By LILLIAN GLAROS
Courtesy of Strathmore/ Margo Schulman
Qi Yu grew up in Inner Mongolia in China, but her music is a mixture of her homeland and the beats and rhythms of her American home.
Yu, a resident of College Park’s Hollywood neighborhood, plays the guzheng, or Chinese zither, a wooden instrument that rests on a flat surface and usually has 21 strings.
The instrument uses the pentatonic scale, which means it has five notes, Yu said, and she usually plays it using eight picks, four on each hand.
Yu is one of six members of the Strathmore Institute for Artistic Development’s Artist in Residence program in North Bethesda.
“She just brought so much to her audition,” Betty Scott, the program’s director, said. “She’s very, very engaging as a performer.”
Yu’s musical journey started in China, with her father, who enrolled her in a music school. Western instruments, like the piano, proved to be too costly for the family, so Yu looked to more traditional Chinese instruments.
“I looked at a bunch of other instruments, and some of them just put me to sleep,” Yu said. “I was 6 years old, and … nothing was actually catching my interest.”
Then, Yu said, she saw her future teacher playing the zither. Yu said she was “making magic happen” with the instrument.
That moment began a decades-long devotion for the 31-year-old.
To hear Yu tell it, music is a friend, a habit and a part of her.
“It’s just my way of saying my story and sharing my story with everyone,” Yu said.
Introduced to contemporary and Western music while in middle school, Yu encountered other styles like bluegrass and jazz when she moved to the United States around 10 years ago.
Today Western music influences her music style, which is evident in a song she composed for her March 26 concert that she said puts a funk spin on Chinese music.

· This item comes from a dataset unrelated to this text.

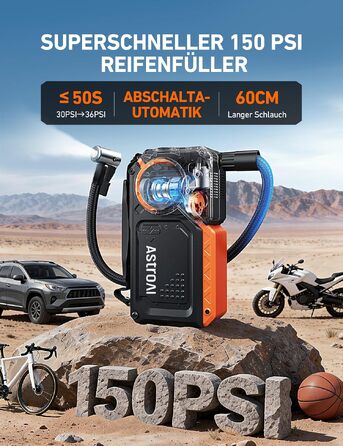 Пусковий пристрій AstroAI Starthilfe Powerbank для авто 8000А з компресором, помаранчевий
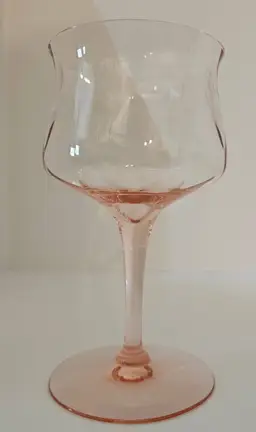 Rare Find - Vintage 1930’s Heisley Gayoso Flamingo Pink Water Goblets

She graduated with master’s degrees in world music and recording arts from Northern Illinois University in 2020, and then became a live-streaming producer for the Baltimore Symphony Orchestra.
After a season of working in Baltimore, she moved to College Park when she got a job with the Center for Strategic and International Studies in Washington, D.C., as a coordinating producer for streaming and broadcasting.
However, Yu said she found herself wanting to play music, so she applied to Strathmore’s 10-month program, which pays her $6,000 and offers professional photography and videography sessions and opportunities to perform before live audiences.
“I was just so excited to be able to play with people,” Yu said. “That’s all. … I just wanted to play.”
According to Scott, the participants get mentors and attend 30 hours of professional development seminars on topics such as how to budget time and money.
Scott said the goal of the program is to help professional music artists transition from gig work to a career in music.
After the seminars, each artist gets a month to put on concerts and workshops, Yu said. Her month was March.
At her first performance, “From Ancient to Contemporary: The Guzheng’s Development Over Time,” on March 12, the pieces focused on how the Chinese zither’s music has evolved over time.
During the performance, her songs rose and fell in intensity, at times trilling up and down, or with more separate staccato-like sounds, or notes softly plucked. She moved her upper body as she played, her eyes closed in concentration as her zither lay horizontally.
She was accompanied at times by her husband, Michael McSweeney, on the drums, and fellow artist-in-residence Jack Gruber on the piano.
Tariq Mansour, who attended the concert, said he enjoyed Yu’s music, especially the pieces from Western China, which he compared to Middle Eastern music.
The Columbia resident said he also plays the guzheng, and enjoyed the progression of Yu’s music from high to low notes.